Concordia effort keys on ‘Orphan Train’

Volunteers want to turn old railroad depot into research center

? A dozen historically minded people are racing time to chronicle a chunk of U.S. history.

If enough money can be raised, the National Orphan Train Complex will open in May 2005 at the old Union Pacific Railroad Depot in Concordia.

The depot was among the stopping points for orphans relocated from New York and other eastern cities to the rural West on what became known as Orphan Trains.

The Concordia volunteers are working to commemorate the railroads and the westward movement of orphans.

But that will require a minimum of $200,000 to open the complex for business, and up to $2 million to complete a research center in the depot.

“We’ve got to have something to shoot for,” said Sue Sutton, Concordia, president of the National Orphan Train Complex.

Riders dying off

Time is of the essence, Sutton said, because fewer than 150 of the up to 250,000 children who rode the orphan trains from 1854 through 1929 are living. The youngest would be in their late 70s, but most are in their 90s.

“Every month somebody else drops from the roster,” she said. “We’d like to have it done for the ones who are left.”

About 50 orphans were placed in the Concordia area, including Clara Reed Duckett, now Clara Reed Morgan, 102 1/2. She lives in a Fort Worth nursing home.

She was adopted by the Duckett family in Belleville, arriving on the train June 19, 1909. Clara’s two brothers, James Reed Elliott and Howard Reed Dowell, both deceased, were adopted by other families in the area.
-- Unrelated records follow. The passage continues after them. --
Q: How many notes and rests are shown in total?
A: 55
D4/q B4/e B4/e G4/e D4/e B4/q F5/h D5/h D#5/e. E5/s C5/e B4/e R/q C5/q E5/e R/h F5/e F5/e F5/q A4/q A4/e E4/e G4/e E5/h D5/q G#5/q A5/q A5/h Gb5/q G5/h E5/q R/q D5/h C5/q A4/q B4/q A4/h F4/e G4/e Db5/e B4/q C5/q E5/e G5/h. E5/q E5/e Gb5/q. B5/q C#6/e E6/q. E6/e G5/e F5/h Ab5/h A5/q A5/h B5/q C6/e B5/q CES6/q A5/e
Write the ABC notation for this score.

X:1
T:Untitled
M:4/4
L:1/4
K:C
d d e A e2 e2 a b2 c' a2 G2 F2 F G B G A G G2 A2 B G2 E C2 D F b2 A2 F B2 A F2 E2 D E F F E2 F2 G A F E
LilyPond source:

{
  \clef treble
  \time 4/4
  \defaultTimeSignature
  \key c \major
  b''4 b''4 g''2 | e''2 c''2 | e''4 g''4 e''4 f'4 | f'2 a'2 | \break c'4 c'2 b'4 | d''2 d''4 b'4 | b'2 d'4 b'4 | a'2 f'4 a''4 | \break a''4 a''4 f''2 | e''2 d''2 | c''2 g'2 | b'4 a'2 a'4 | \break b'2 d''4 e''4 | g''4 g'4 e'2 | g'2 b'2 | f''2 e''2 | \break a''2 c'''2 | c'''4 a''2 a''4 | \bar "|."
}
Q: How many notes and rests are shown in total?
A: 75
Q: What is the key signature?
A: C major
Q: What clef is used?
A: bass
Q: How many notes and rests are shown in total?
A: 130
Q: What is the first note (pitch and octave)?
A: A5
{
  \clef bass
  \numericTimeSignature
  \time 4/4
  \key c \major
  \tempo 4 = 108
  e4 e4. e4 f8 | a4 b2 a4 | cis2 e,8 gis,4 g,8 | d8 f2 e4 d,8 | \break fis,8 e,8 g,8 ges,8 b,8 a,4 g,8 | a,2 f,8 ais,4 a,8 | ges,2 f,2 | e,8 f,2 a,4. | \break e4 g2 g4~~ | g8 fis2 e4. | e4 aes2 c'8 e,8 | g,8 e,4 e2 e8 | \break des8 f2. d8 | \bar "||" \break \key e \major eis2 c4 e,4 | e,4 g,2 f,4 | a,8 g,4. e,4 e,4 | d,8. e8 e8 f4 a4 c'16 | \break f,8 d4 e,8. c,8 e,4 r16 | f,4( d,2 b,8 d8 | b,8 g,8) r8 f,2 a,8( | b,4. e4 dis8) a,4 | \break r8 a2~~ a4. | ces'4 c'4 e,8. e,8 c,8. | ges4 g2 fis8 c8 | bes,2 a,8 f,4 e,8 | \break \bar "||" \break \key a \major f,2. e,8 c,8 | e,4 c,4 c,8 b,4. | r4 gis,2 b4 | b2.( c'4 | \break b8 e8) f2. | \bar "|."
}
Generally, the effort started by Presbyterian minister Charles Loring Brace in 1853 is said to have improved the lives of thousands of children.

Historic project

The resurrection of the orphan train story was sparked by Mary Ellen Johnson, Springdale, Ark., who happened onto information on four orphan train riders while doing a history project. Her worked started the Orphan Train Heritage Society of America in 1986.

Johnson made it her mission to reconnect family members separated by the orphan movement.

She “started in alerting the world and bringing all of us together,” said Anne Harrison, 95, Lincoln, Neb. Speaking Thursday by phone from her home in Nebraska, Harrison said she rode the train to Colorado Springs, Colo., in 1911, when she was 2 years and 4 months old.

Harrison, who speaks publicly about her experiences, learned she was adopted at 27.

In those days, Darrell Dowell said, adoption wasn’t talked about much.

Effort begins

Beth Carlgren was using the depot for storage for her Wilson’s Furniture business when she got word of the local interest in the orphan train history and donated the depot to Cloud County Community College in 2001, Sutton said.

Sutton conceived of the idea to transform the depot into a museum for the orphan train. The college deeded the depot to the heritage society during the spring of 2003, and renovation efforts began.

“I was, of course, thinking on a small scale,” said Sutton, who is the dean of humanities and head of the theater department at the college.

Sutton e-mailed Johnson in Arkansas to inform her of the work to establish a Kansas orphan train museum in Concordia.

Johnson was supportive and offered her entire orphan train collection to the Concordia group. The national governing body accepted the offer in March of 2003.

Two Concordia High School students are working on a design for the research center in the museum, said Judy Hill, Jamestown, who is secretary of the heritage society.

“We’re trying to document every rider that we possibly can,” she said.

The group is looking to establish an endowment to ensure long-term funding.

“Because we’re a national organization, we can look to all 50 states,” she said, “and hope we find some people out there with big hearts and deep pockets.”